This is an automated email from the ASF dual-hosted git repository.
viirya pushed a commit to branch branch-4.1
in repository https://gitbox.apache.org/repos/asf/spark.git
The following commit(s) were added to refs/heads/branch-4.1 by this push:
new a54fff253ca3 [SPARK-55802][SQL] Fix integer overflow when computing
Arrow batch bytes
a54fff253ca3 is described below
commit a54fff253ca3aa8da282f3970839a693a7b2bb89
Author: Liang-Chi Hsieh <[email protected]>
AuthorDate: Wed Mar 4 08:21:38 2026 -0800
[SPARK-55802][SQL] Fix integer overflow when computing Arrow batch bytes
### What changes were proposed in this pull request?
`ArrowWriter.sizeInBytes()` and `SliceBytesArrowOutputProcessorImpl
.getBatchBytes()` both accumulated per-column buffer sizes (each an `Int`) into
an `Int` accumulator. When the total exceeds 2 GB the sum silently wraps
negative, causing the byte-limit checks controlled by
`spark.sql.execution.arrow.maxBytesPerBatch` and
`spark.sql.execution.arrow.maxBytesPerOutputBatch` to behave incorrectly
and potentially allow oversized batches through.

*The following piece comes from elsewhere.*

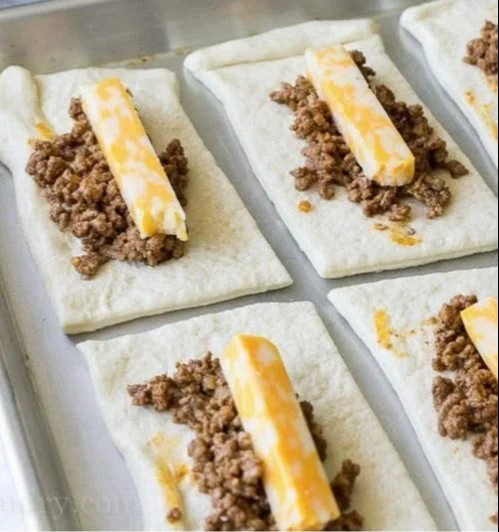 Delicious cheesy taco sticks ready to be served with dipping sauce.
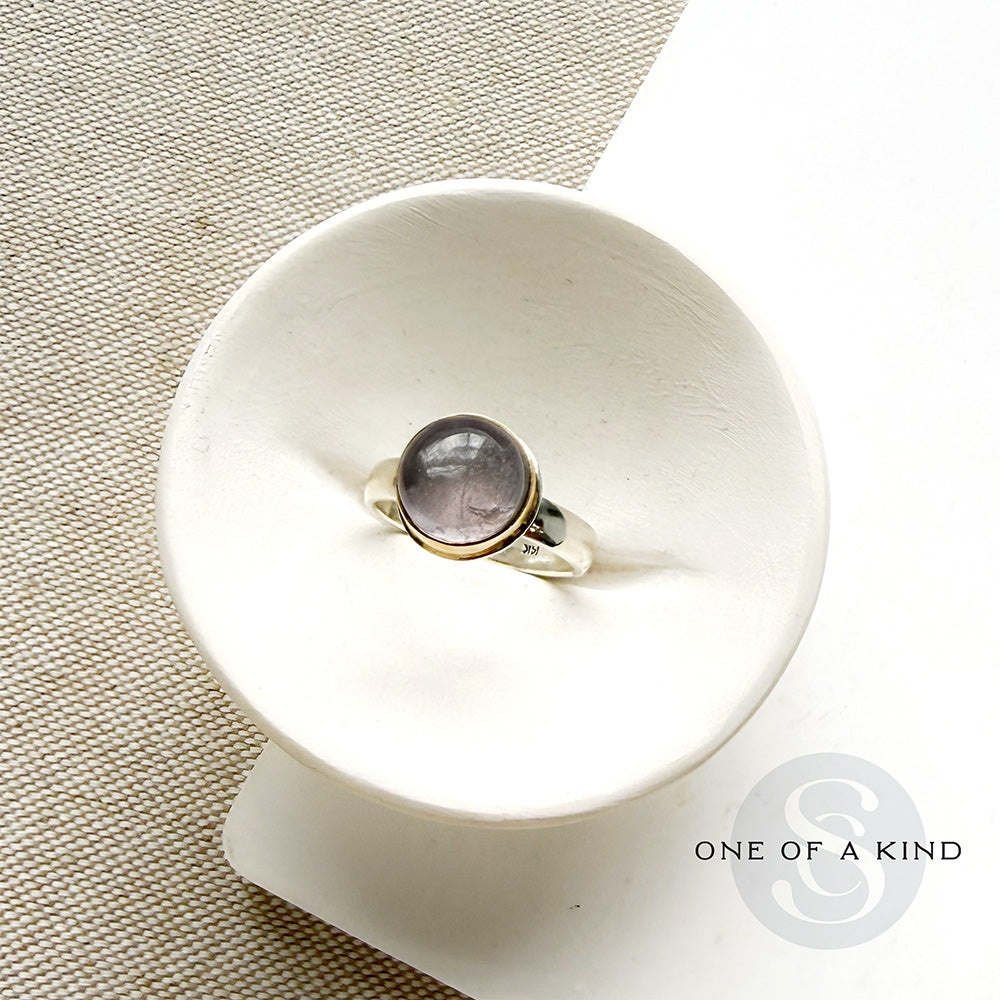 Round berry spinel ring in a mixed metal setting, placed in a white dish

Fix by changing both accumulators and return types to `Long`.
### Why are the changes needed?
Fix possible overflow when calculating Arrow batch bytes.
### Does this PR introduce _any_ user-facing change?
No
### How was this patch tested?
Existing tests.
### Was this patch authored or co-authored using generative AI tooling?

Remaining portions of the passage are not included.